Can ASC's asset-composition point to a higher beta?
An asset-heavy company tends to have a higher beta because the risk associated with running fixed assets during a downturn is highly expensive. I test ASC’s ratio of fixed assets to total assets in order to determine how high the risk is associated with this type of constraint. Given a fixed to total assets ratio of over 30%, ASC seems to be a company which invests a big chunk of its capital on assets that cannot be scaled down on short-notice. Thus, we can expect ASC to be more volatile in the face of market movements, relative to its peers of similar size but with a lower proportion of fixed assets on their books. Similarly, ASC’s beta value conveys the same message.
What this means for you:
Are you a shareholder? You could benefit from higher returns from ASC during times of economic growth. Its higher fixed cost isn’t a major concern given margins are covered with high consumer demand. However, in times of a downturn, it may be safe to look at a more defensive stock which can cushion the impact of lower demand.

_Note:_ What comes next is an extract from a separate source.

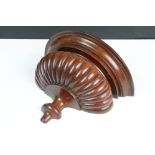 19th century carved mahogany wall bracket of gadrooned form (approx 32cm W x 22cm H)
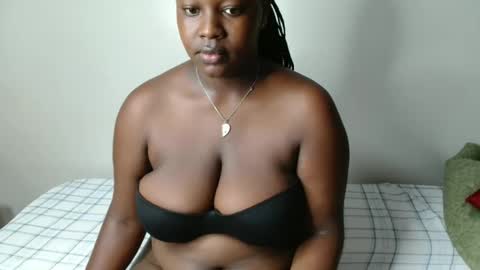 Snapshot of macie_smith chatting on March 19, 11:42 pm smith online show from March 19, 11:42 pm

Are you a potential investor? Before you buy ASC, you should factor how your portfolio currently moves with the wider market, and where we are in the economic cycle. This stock could be an outperformer during times of growth, and it may be worth taking a deeper dive into the fundamentals to crystalize your thoughts on ASC.
Beta is one aspect of your portfolio construction to consider when holding or entering into a stock. But it is certainly not the only factor. Take a look at our most recent infographic report on Ardmore Shipping for a more in-depth analysis of the stock to help you make a well-informed investment decision. But if you are not interested in Ardmore Shipping anymore, you can use our free platform to see my list of over 50 other stocks with a high growth potential.
To help readers see pass the short term volatility of the financial market, we aim to bring you a long-term focused research analysis purely driven by fundamental data. Note that our analysis does not factor in the latest price sensitive company announcements.
The author is an independent contributor and at the time of publication had no position in the stocks mentioned.